Christian Bale, who is gearing up for his star-studded feature Amsterdam, cheekily revealed that he – and many other actors – owe their cinematic careers to Leonardo DiCaprio, who seemingly turned down those roles.
"Look, to this day, any role that anybody gets, it's only because he's passed on it beforehand," Bale told GQ in a candid interview. "It doesn't matter what anyone tells you. It doesn't matter how friendly you are with the directors. All those people that I've worked with multiple times, they all offered every one of those roles to him first."

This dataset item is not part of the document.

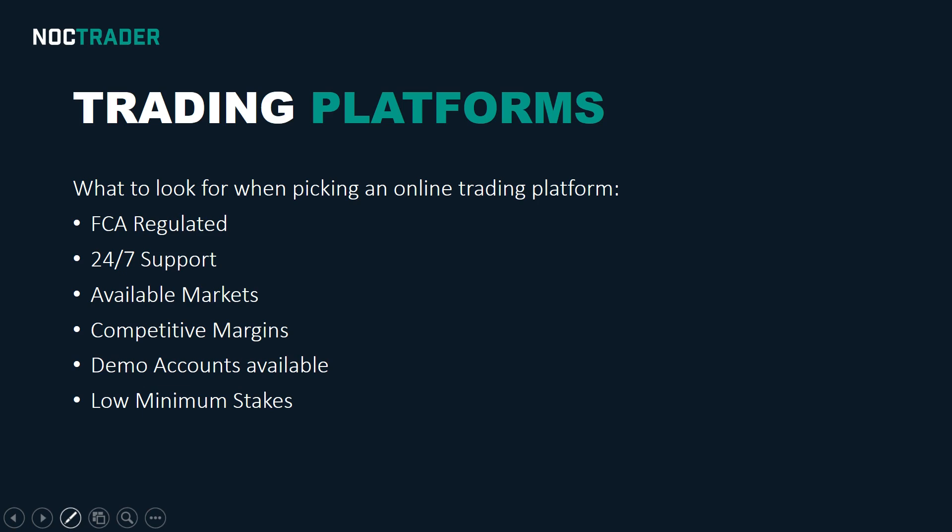So the last two criteria are especially important for new traders. You want to have access to a demo account because I can speak from experience. If you start trading straight with a live account you're more likely to just lose all your money. You want to be able to practice with a demo account where the money is not real so you can get a feel of what would happen if you traded certain stocks or shares or ETFs or Forex pairs.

"So, thank you, Leo, because literally, he gets to choose everything he does," Bale concluded. "And good for him, he's phenomenal." Bale further noted that he's never taken it personally for DiCaprio being the casting directors’ first choice for their films. "No. Do you know how grateful I am to get any damn thing? I mean, I can't do what he does," Bale said.
"And he does it magnificently. But I would suspect that almost everybody of similar age to him in Hollywood owes their careers to him passing on whatever project it is." As Entertainment Weekly notes, one role that DiCaprio reportedly declined was of the axe-wielding serial killer Patrick Bateman in the 2000 horror film American Psycho. When DiCaprio ultimately turned down the project, Bale took the baton that eventually led him to mainstream success.
They had paid me the absolute minimum they were legally allowed to pay me," he said of the Bateman role. "I remember one time sitting in the makeup trailer and the makeup artists were laughing at me because I was getting paid less than any of them." At the time, Bale said that "nobody wanted me to do" the film apart from director Mary Harron, which contributed to his lower wage.
"They said they would only make it if they could pay me that amount," Bale explained. "I was prepping for it when other people were playing the part. I was still prepping for it. And, you know, it moved on. I lost my mind. But I won it back."